EXCERPTED DATA Block Start
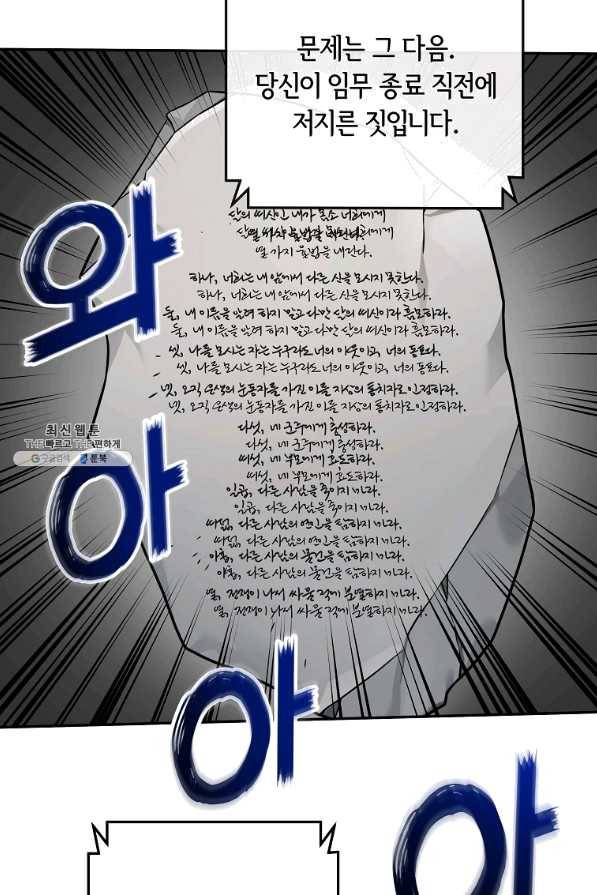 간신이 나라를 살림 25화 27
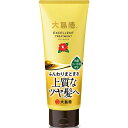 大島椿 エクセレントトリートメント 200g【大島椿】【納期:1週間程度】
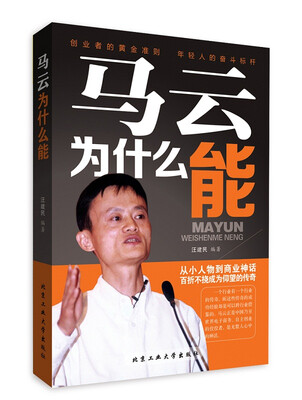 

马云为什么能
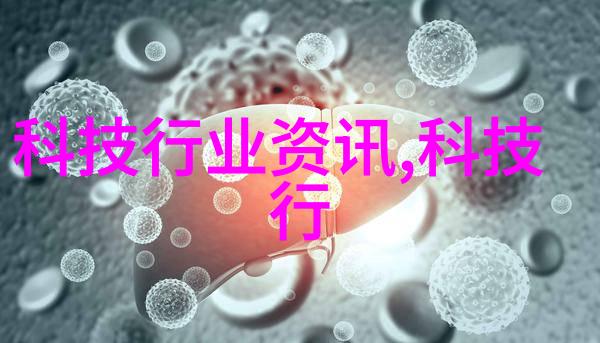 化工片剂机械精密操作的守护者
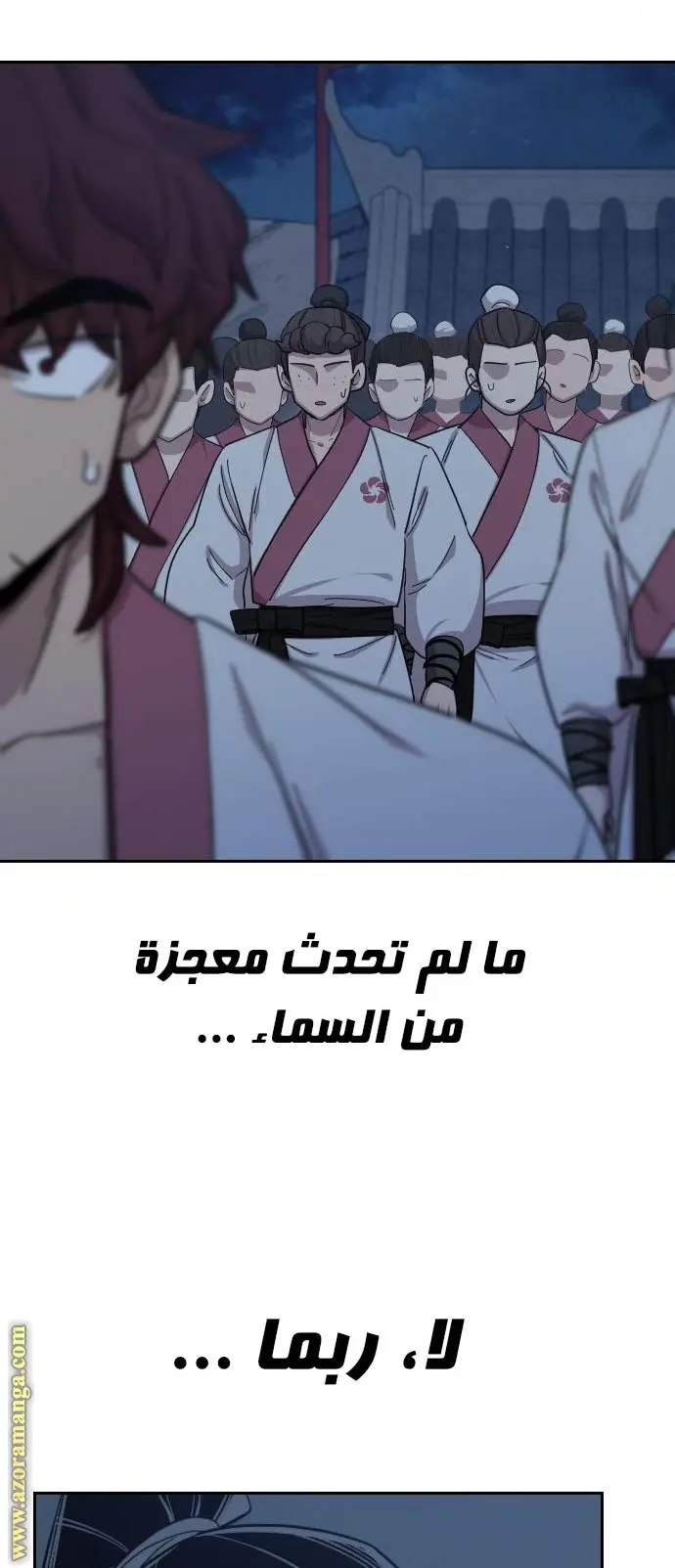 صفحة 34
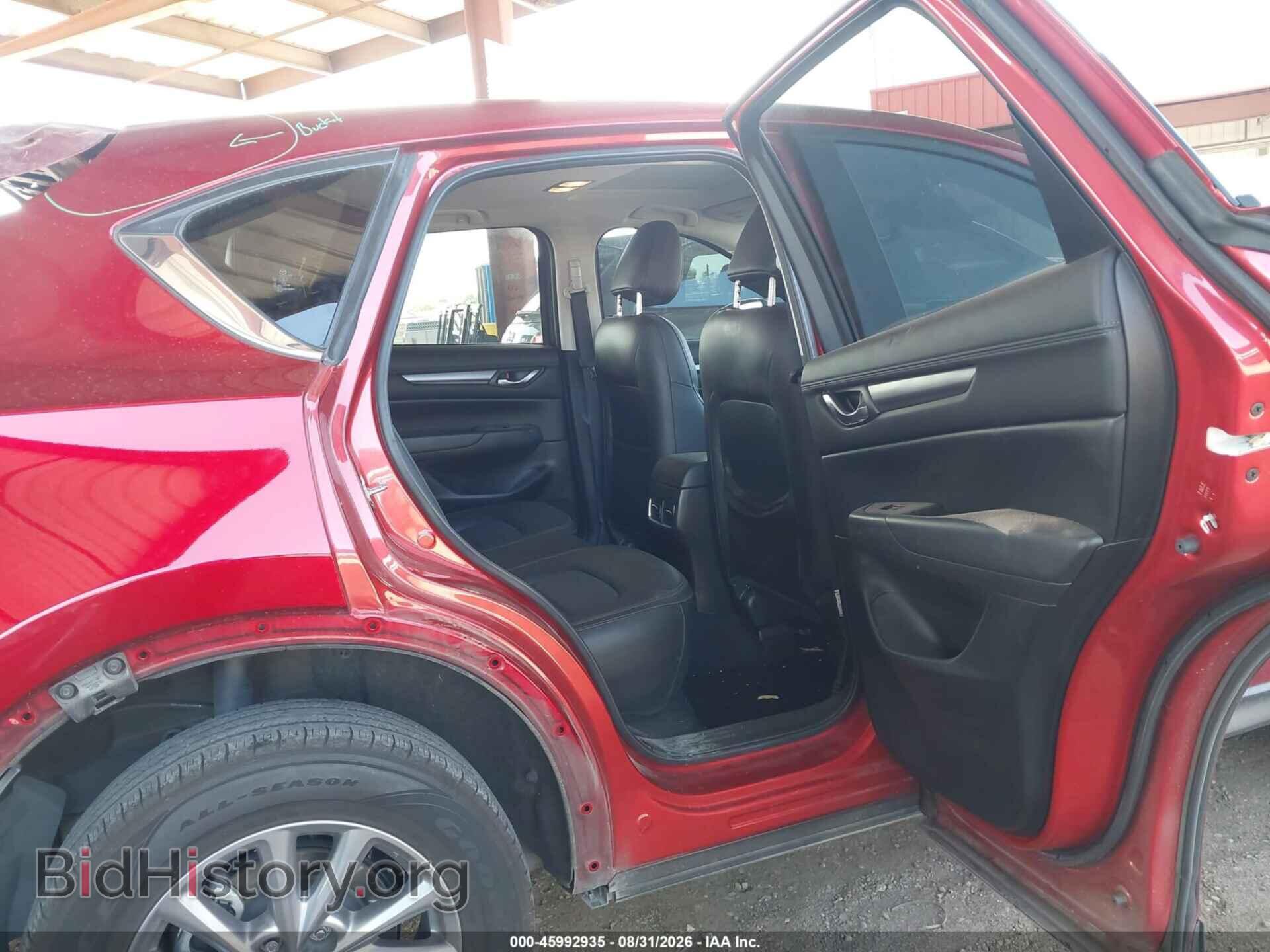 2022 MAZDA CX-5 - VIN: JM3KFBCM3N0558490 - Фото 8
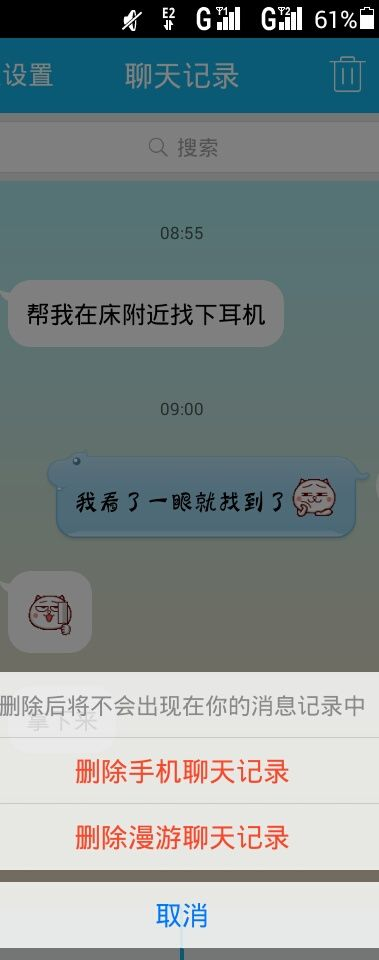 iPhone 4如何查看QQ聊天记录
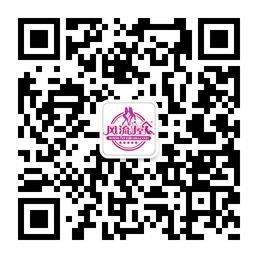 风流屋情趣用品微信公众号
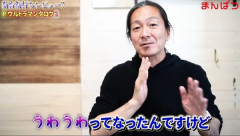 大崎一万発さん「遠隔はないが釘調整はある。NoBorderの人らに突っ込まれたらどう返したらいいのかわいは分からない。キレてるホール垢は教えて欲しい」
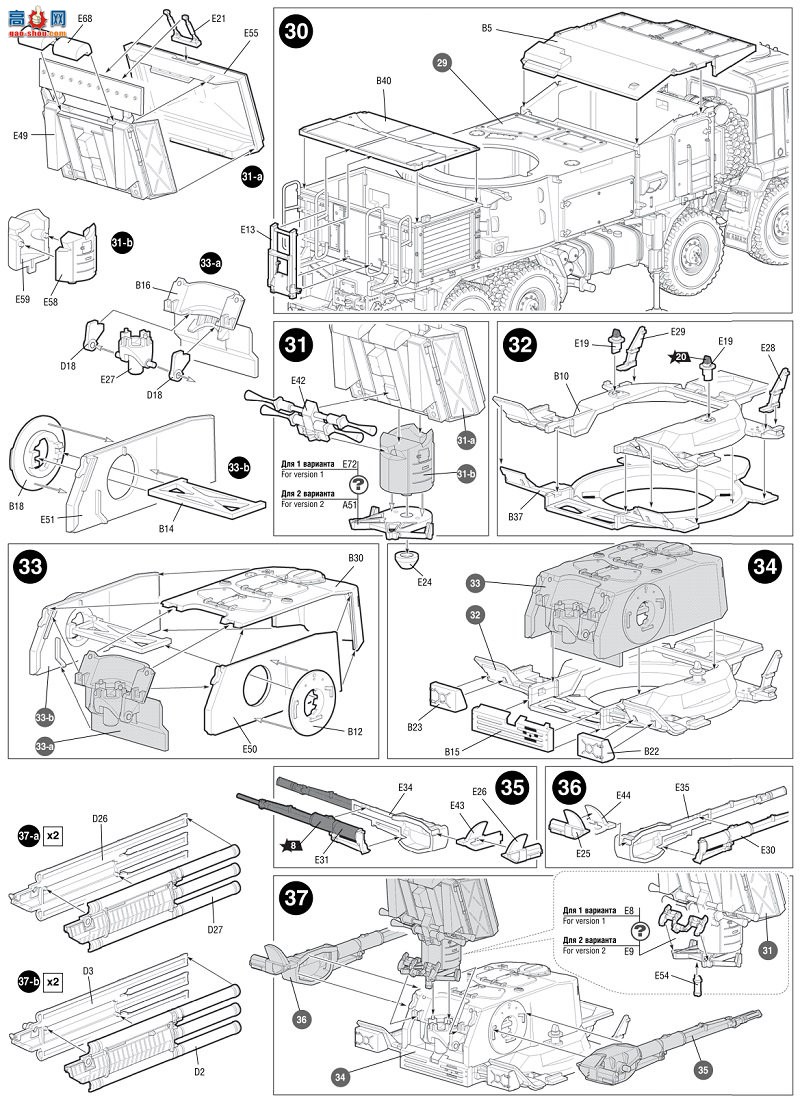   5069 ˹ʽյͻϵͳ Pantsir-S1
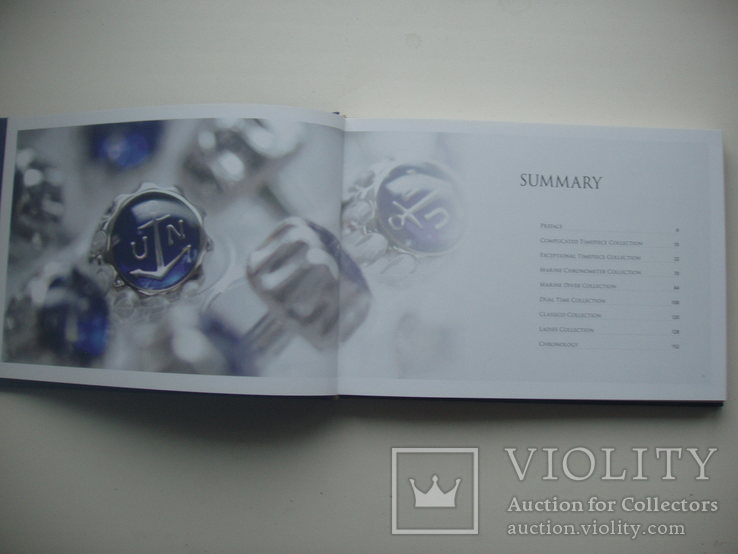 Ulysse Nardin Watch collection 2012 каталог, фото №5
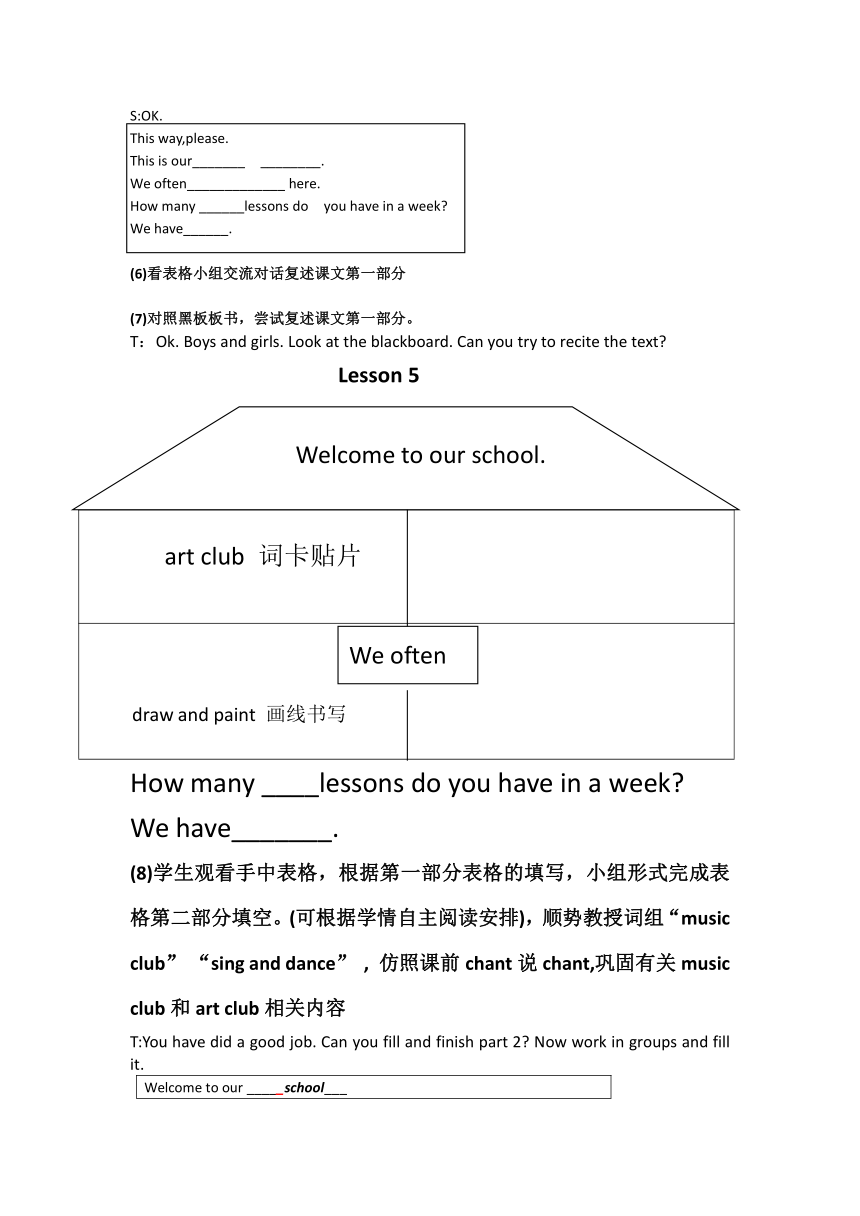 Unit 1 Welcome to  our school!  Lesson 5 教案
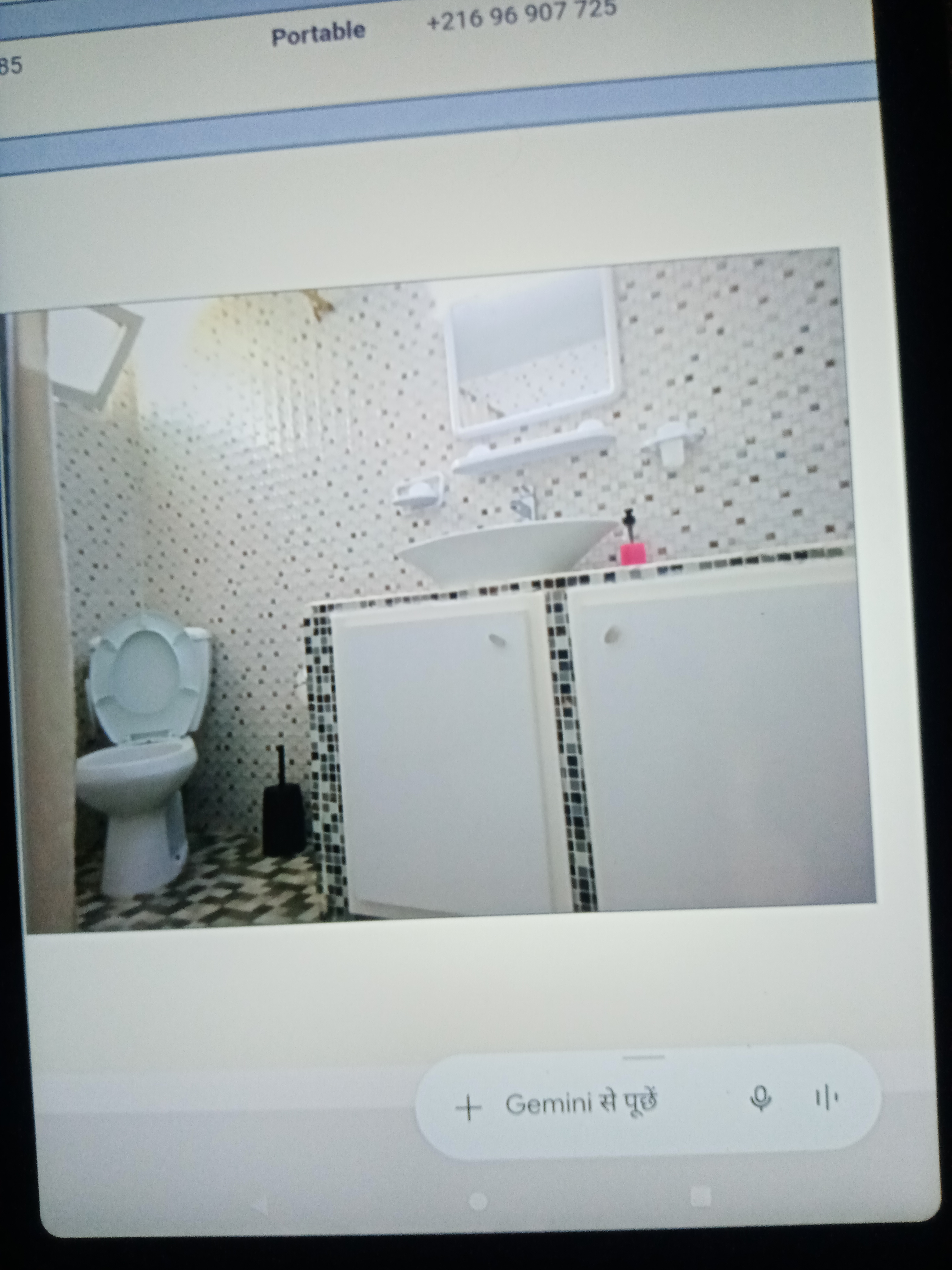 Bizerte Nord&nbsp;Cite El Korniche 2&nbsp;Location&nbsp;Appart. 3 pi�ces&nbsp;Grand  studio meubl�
EXCERPTED DATA Block End
• [ASSIGNMENT]
Set down the entries shown above once more, exactly as they read, but without pictures.

• [EXERCISE SOLUTION]
 간신이 나라를 살림 25화 27
 大島椿 エクセレントトリートメント 200g【大島椿】【納期:1週間程度】

马云为什么能
 化工片剂机械精密操作的守护者
 صفحة 34
 2022 MAZDA CX-5 - VIN: JM3KFBCM3N0558490 - Фото 8
 iPhone 4如何查看QQ聊天记录
 风流屋情趣用品微信公众号
 大崎一万発さん「遠隔はないが釘調整はある。NoBorderの人らに突っ込まれたらどう返したらいいのかわいは分からない。キレてるホール垢は教えて欲しい」
   5069 ˹ʽյͻϵͳ Pantsir-S1
 Ulysse Nardin Watch collection 2012 каталог, фото №5
 Unit 1 Welcome to  our school!  Lesson 5 教案
 Bizerte Nord&nbsp;Cite El Korniche 2&nbsp;Location&nbsp;Appart. 3 pi�ces&nbsp;Grand  studio meubl�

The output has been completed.